# Which Tyres?



## aod (Apr 7, 2009)

225 45 17

I'm going to replace all 4 tyres soon. Looking for some reccommendations. 

Here's my criteria:
- Budget - Max around £100 per corner, less ideally, more at a push
- Looking for a good all round tyre maybe with emphasis on comfort, economy and durability, wet performance. 

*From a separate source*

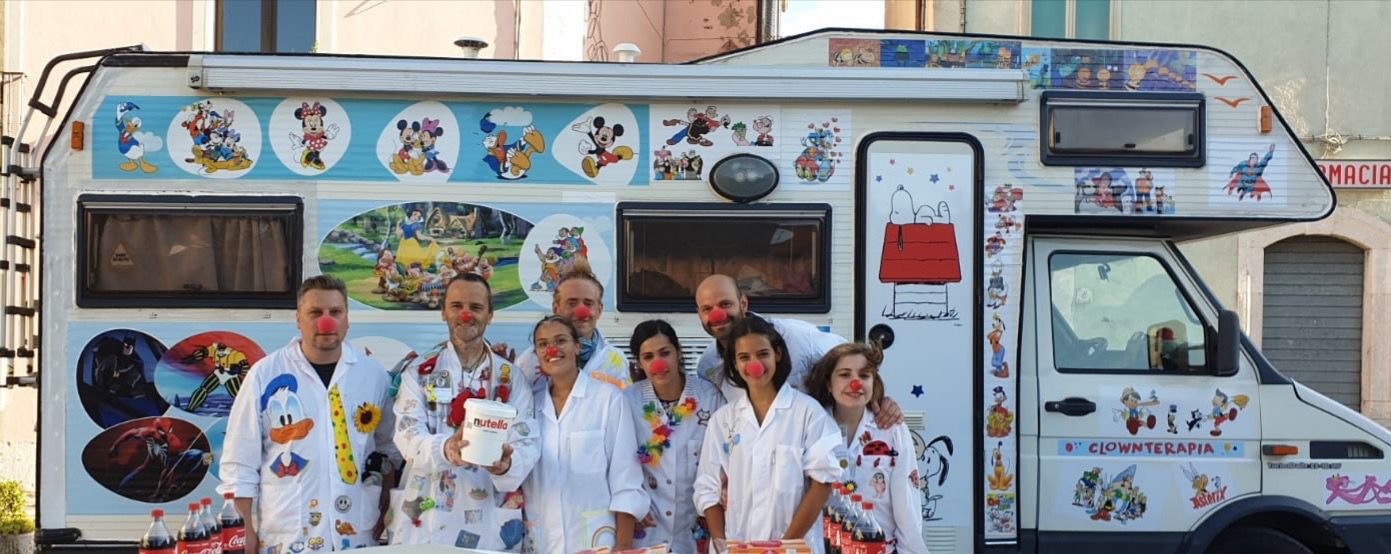 Pescara: “Ludoteca taxi clown”: fa tappa in città il servizio per bambini e anziani ricoverati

Currently have Conti Sport Contact 3.

Also if you know any good online places I can order from I'd be grateful.

Car is a 56 Saab 9-3 Aero


----------



## mrbloke (Oct 13, 2010)

camskill


----------



## Mush (Jan 13, 2008)

I would recommend Goodyear NCT Eagle F1 Aysmetric ran them on my Golf GTI and couldn't fault them. Low road noise very good grip in all conditions and decent mileage. Think i paid about £100 each but that was 2 1/2 years ago.


----------



## millns84 (Jul 5, 2009)

Kumho KU39, well under budget at £66 a corner.

I had the older version, KU31, on the Cougar and they were very impressive.


----------



## dew1911 (Jun 9, 2009)

BFGoodrich Profiler's. Had them on my focus and were fantastic in all conditions. Wore a tad quickly but I'd rarther have that then lasting years but like being on ice.


----------



## steview (Sep 23, 2010)

I really rate Yoko s drives great tyre


----------



## vickky453 (Feb 27, 2009)

I use falken 452s and couldnt fault them, very good tyre


----------



## Guest (May 24, 2012)

Without a doubt, Uniroyal Rainsport 2s. Seriously impressive for the money.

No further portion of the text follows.